Аналогичным образом и материнство стало неотъемлемой частью женского опыта, которая теперь ценится выше всех других: давать жизнь – это прекрасно. Едва ли когда-то раньше пропаганда материнства была такой назойливой. Современный систематический метод двойного принуждения – чистой воды издевательство: «Рожайте, это прекрасно, только это позволит вам стать в полной мере женщинами, раскрыться и реализоваться», но рожайте в обществе, летящем под откос, где работа по найму – условие выживания, но не гарантирована никому, особенно женщинам.
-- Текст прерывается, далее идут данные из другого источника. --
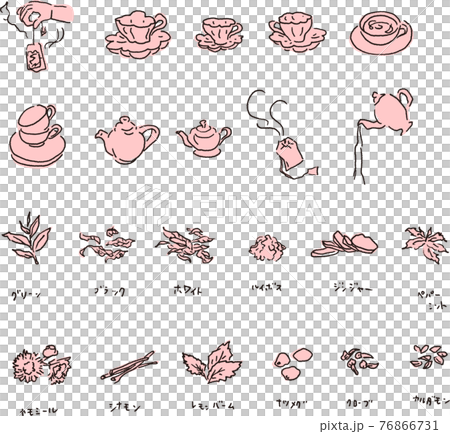 紅茶の原材料と淹れ方したく 紅茶の原材料と淹れ方したく 76866731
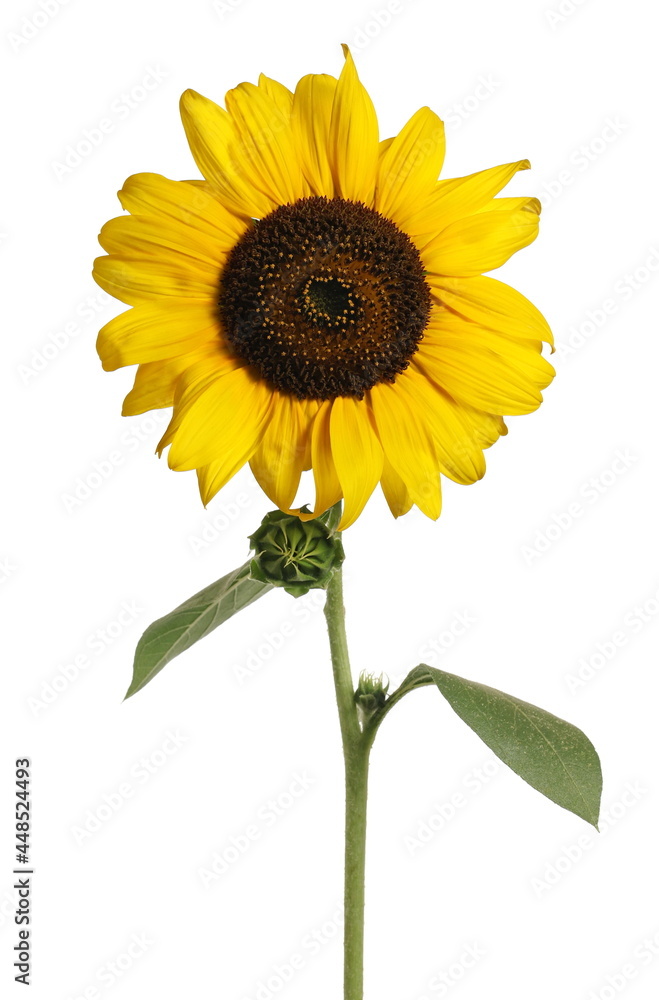 Obraz premium Sunflower with stalk isolated on white background with clipping path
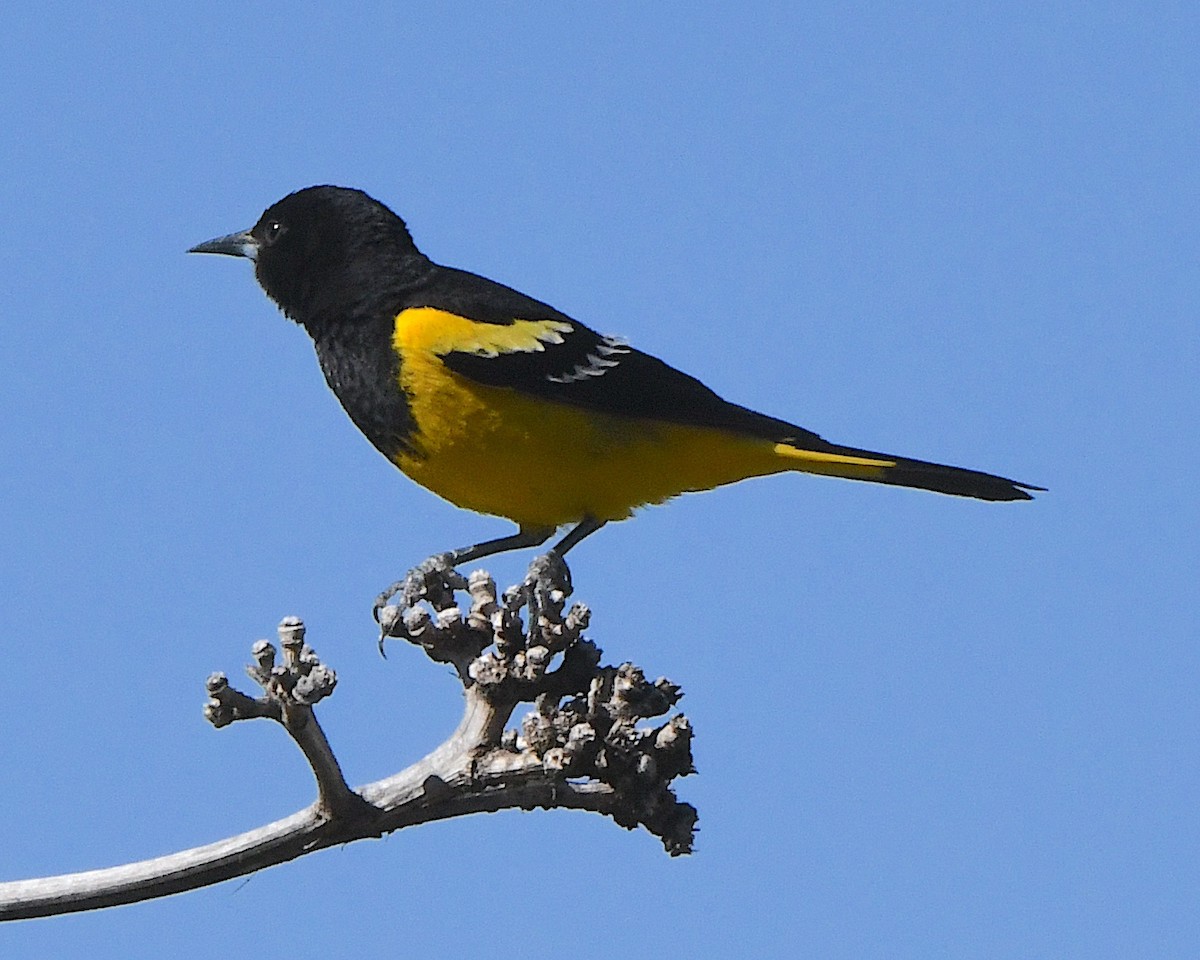 Scott's Oriole - Ted Wolff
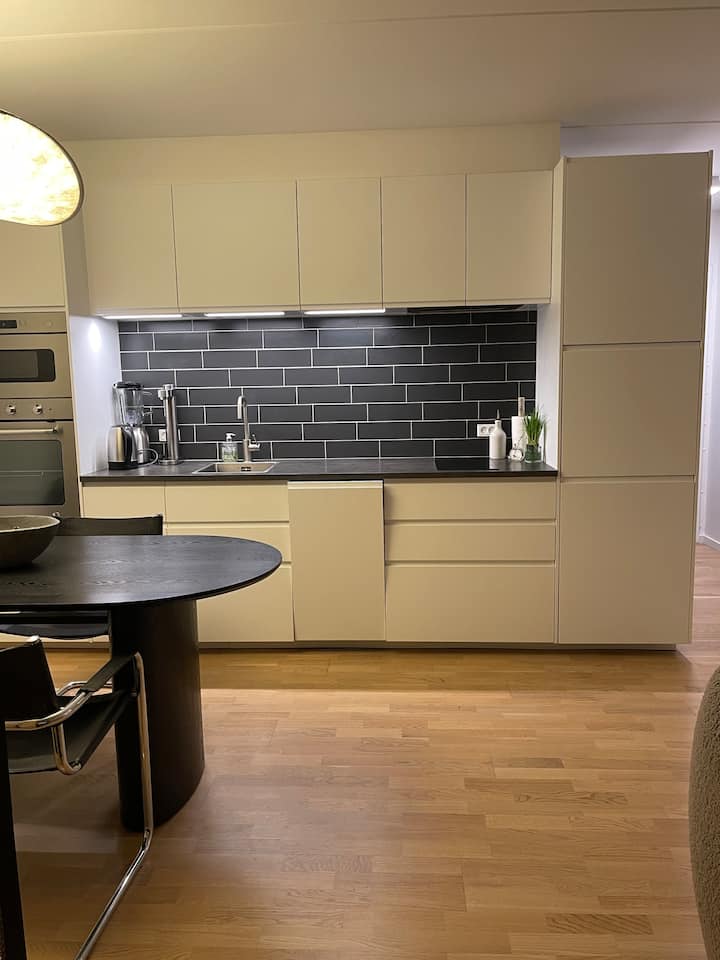 Big Studio Apartment - Copenhagen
Рожайте в городах, где не найти постоянного жилья, где школа отказывается от своих обязательств, где детям агрессивно промывают мозги реклама, телевидение, интернет, продавцы газировки и прочие. Без детей нет женского счастья, но воспитывать их в достойных условиях практически невозможно. Женщины непременно должны чувствовать, что потерпели поражение. За что бы они ни взялись, надо показать, что у них ничего не вышло. Верного подхода не существует: что бы мы ни выбрали, мы обязательно ошиблись, и на нас возлагают ответственность за провал, когда на самом деле это ответственность коллективная. Оружие против нашего гендера особое, но метод применим и к мужчинам. Хороший потребитель – неуверенный в себе потребитель.
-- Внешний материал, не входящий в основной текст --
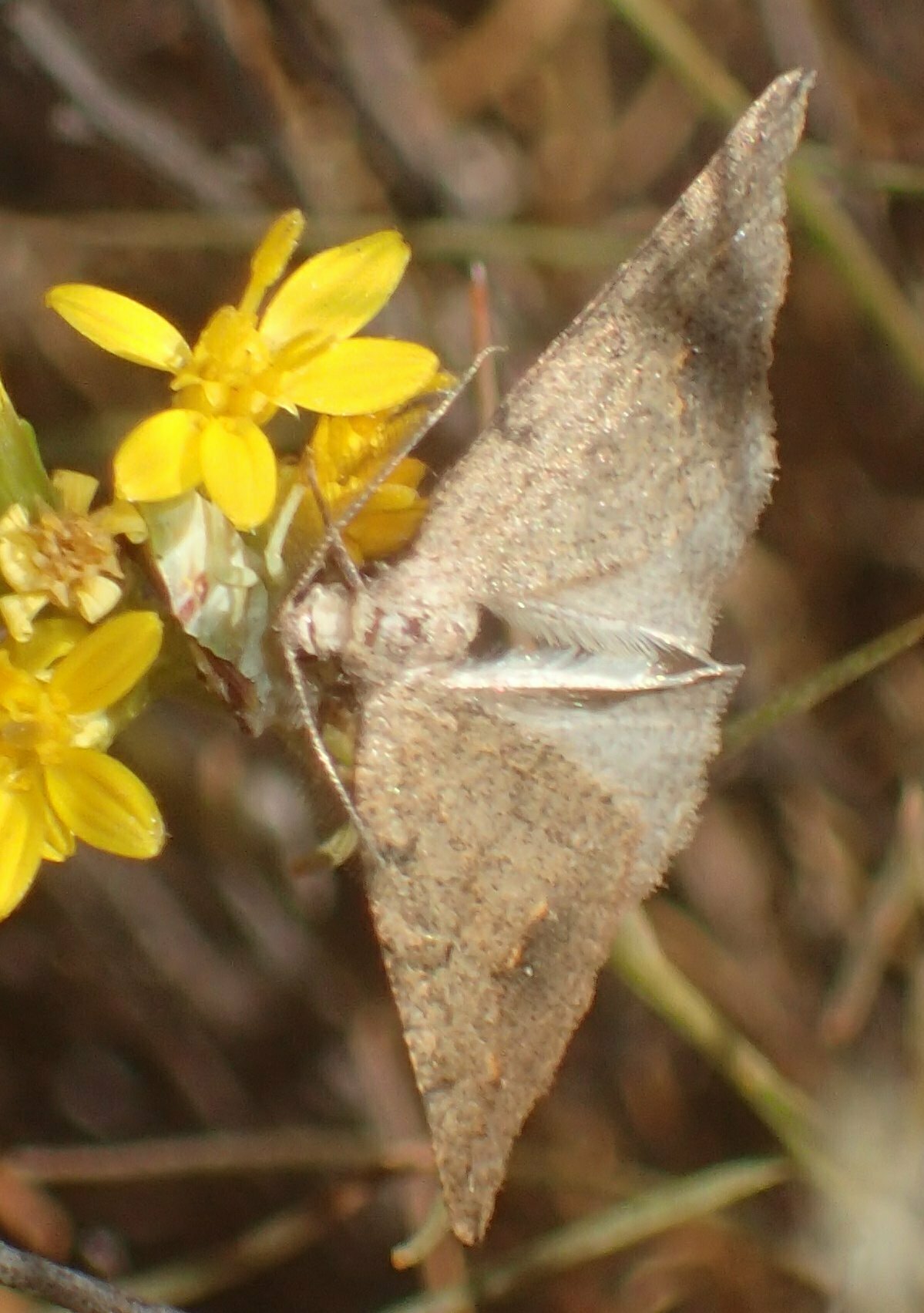 High Resolution Drepanulatrix sp. Animal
Удивительно и мерзко осознавать, что феминистская революция семидесятых не привела к реорганизации ухода за детьми и управления домашним хозяйством. Эти виды труда так и остались добровольными, а значит женскими. Мы остались в том же сословии ремесленниц. Ни политически, ни экономически мы не вторглись в общественное пространство, не захватили его. Мы не создали таких яслей и таких мест присмотра за детьми, как нам нужно, мы не создали индустриализированных систем домашнего хозяйства, которые бы нас эмансипировали. Мы не инвестировали в этот экономически выгодный сектор ни ради собственной прибыли, ни на благо нашего сообщества. Почему ни одна не додумалась изобрести аналог ИКЕА для ухода за детьми, аналог «Макинтоша» для домашнего труда? Коллективная сфера осталась мужской территорией. Нам не хватает уверенности в собственном праве инвестировать в политическое – и это просто мелочь, если вспомнить физический и моральный террор, которому мы подвергаемся. Будто другие будут решать за нас наши проблемы, будто наши частные заботы не так важны. Мы неправы. Очевидно, что при соприкосновении с властью женщины становятся такими же коррумпированными и отвратительными, как и мужчины, и все же нельзя отрицать, что существуют и специфически женские вопросы. Наш уход с политического поля показывает нашу собственную нерешительность по отношению к эмансипации. В политике, чтобы бороться и побеждать, нужно быть готовой пожертвовать своей женственностью, ведь нужно уметь драться, торжествовать, показывать свою силу. Никакой мягкости, приятного обхождения, услужливости – надо разрешить себе подчинять другого, причем публично. Обходиться без его согласия, применять силу в лоб, не жеманясь и не расшаркиваясь, потому что редкий соперник захочет поздравить вас с тем, что вы его победили.
2
На русском языке цитируется по изданию: Вулф В. Своя комната // Эти загадочные англичанки… Элизабет Гаскелл. Вирджиния Вулф. Мюриэл Спарк. Фэй Уэлдон / пер. с англ. Н. Бушманова. – М., 1992. – С. 163–222.
3
Депант пишет именно о личном имени (prénom), а не о фамилии. Это уточнение можно толковать двояко: с одной стороны, именно по имени (а не по гендерно-нейтральной фамилии) ее роман опознавался как написанный женщиной; с другой – имя Виржини в прямом смысле девичье, так как восходит к латинскому virgo – «дева, девственница».